Zhang Ning
IEEE Trans Neural Netw Learn Syst. 2023 Apr;34(4):1754-1763. doi: 10.1109/TNNLS.2020.2990746. Epub 2023 Apr 4.
Symbolic music generation is still an unsettled problem facing several challenges. The complete music score is a quite long note sequence, which consists of multiple tracks with recurring elements and their variants at various levels. The transformer model, benefiting from its self-attention has shown advantages in modeling long sequences. There have been some attempts at applying the transformer-based model to music generation. However, previous works train the model using the same strategy as the text generation task, despite the obvious differences between the pattern of texts and musics. These models cannot consistently produce music samples of high quality. In this article, we propose a novel adversarial transformer to generate transformer to generate music pieces with high musicality. The generative adversarial learning and the self-attention networks are combined creatively. The generation of long sequence is guided by the adversarial objectives, which provides a strong regularization to enforce the transformer to focus on learning of the global and local structures. Instead of adopting the time-consuming Monte Carlo (MC) search method that is commonly used in the existing sequence generative models, we propose an effective and convenient method to compute the reward for each generated step (REGS) for the long sequence.
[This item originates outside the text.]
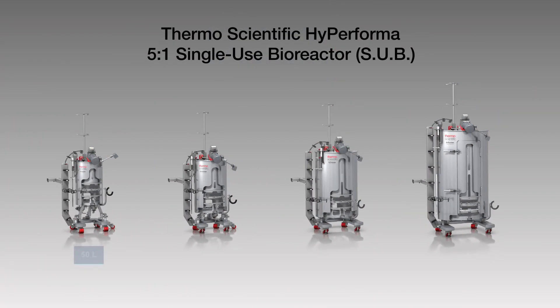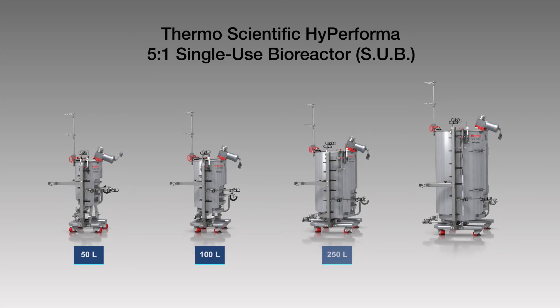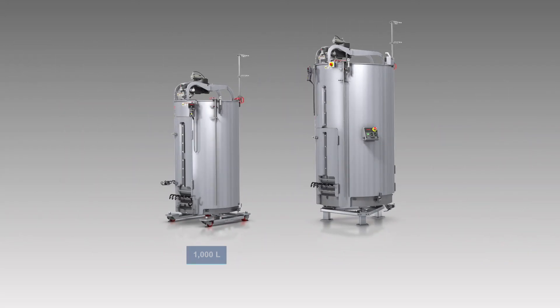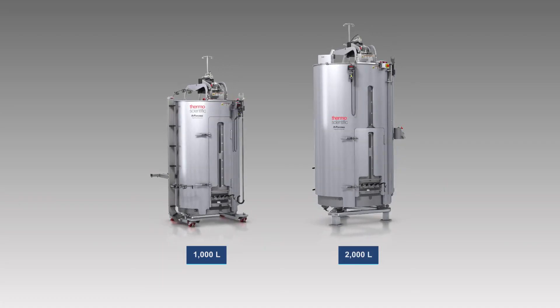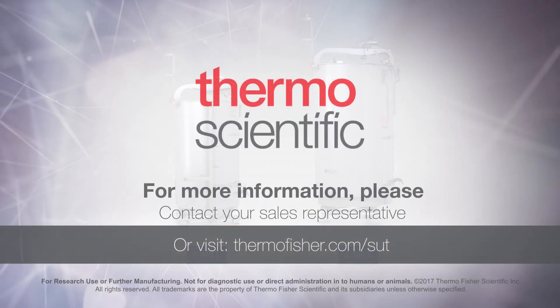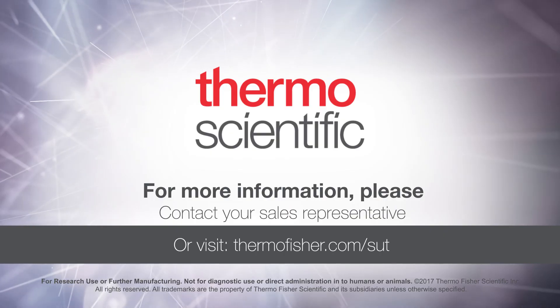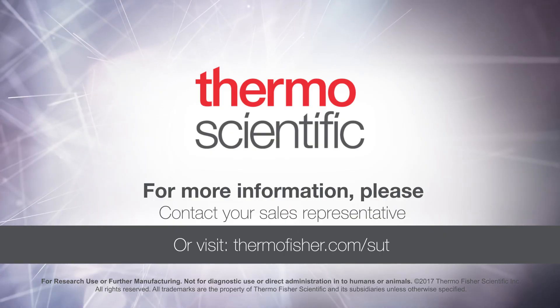Thermo Scientific Hyperforma 5 to 1 single-use bioreactors are now available in all vessel sizes, including 1,000 and 2,000 liters. For more information, please contact your sales representative or visit thermofisher.com/sut.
The discriminator is trained to optimize the elaborately designed global and local loss objective functions simultaneously, which enables the discriminator to give reliable REGS for the generator. The adversarial objective combined with the teacher forcing objective is used to guide the training of the generator. The proposed model can be used to generate single-track or multitrack music pieces. Experiments show that our model can generate long music pieces with the improved quality compared with the original music transformers.
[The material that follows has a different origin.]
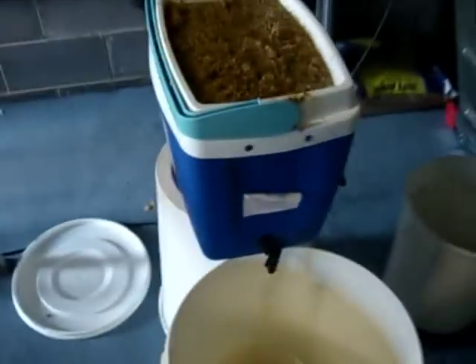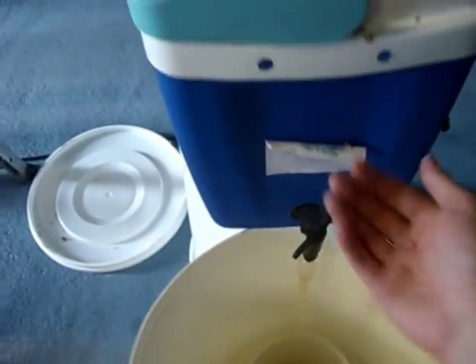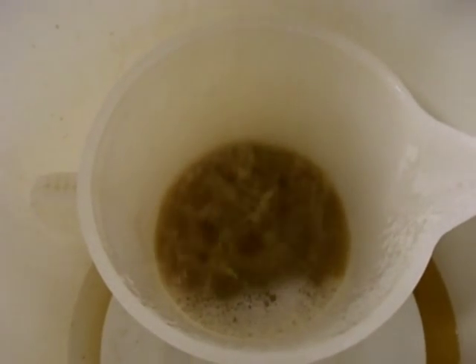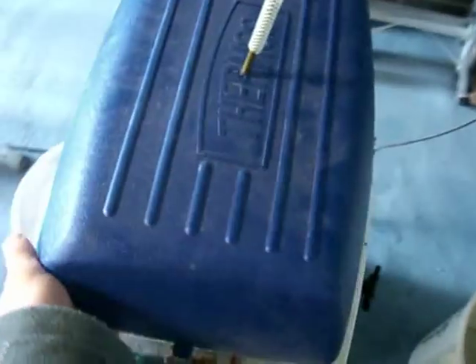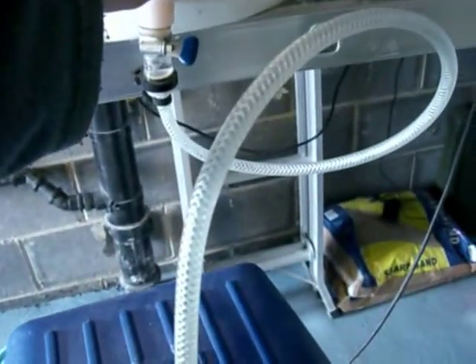At the bottom of the mashing vessel there's copper tubing with slits running along the bottom so the sweet wort runs through without blocking. We run the first part into the jug, and then start the sparging arm — if you look inside you can see it spinning around, sprinkling hot water over the grain bed. That's the sparging process.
符号音乐生成仍然是一个尚未解决的问题,面临着诸多挑战。完整的音乐乐谱是一个相当长的音符序列,它由多个音轨组成,这些音轨在各个层面都包含重复的元素及其变体。变压器模型由于其自注意力机制,在对长序列进行建模时展现出了优势。已经有一些将基于变压器的模型应用于音乐生成的尝试。然而,尽管文本和音乐的模式存在明显差异,但先前的工作使用与文本生成任务相同的策略来训练模型。这些模型无法持续生成高质量的音乐样本。在本文中,我们提出了一种新颖的对抗性变压器来生成具有高音乐性的音乐作品。我们创造性地将生成对抗学习和自注意力网络结合起来。长序列的生成由对抗目标引导,这提供了强大的正则化,促使变压器专注于学习全局和局部结构。我们没有采用现有序列生成模型中常用的耗时的蒙特卡罗(MC)搜索方法,而是提出了一种有效且便捷的方法来计算长序列中每个生成步骤的奖励(REGS)。鉴别器经过训练,可同时优化精心设计的全局和局部损失目标函数,这使得鉴别器能够为生成器给出可靠的REGS。对抗目标与教师强制目标相结合,用于指导生成器的训练。所提出的模型可用于生成单轨或多轨音乐作品。实验表明,与原始的音乐变压器相比,我们的模型能够生成质量更高的长音乐作品。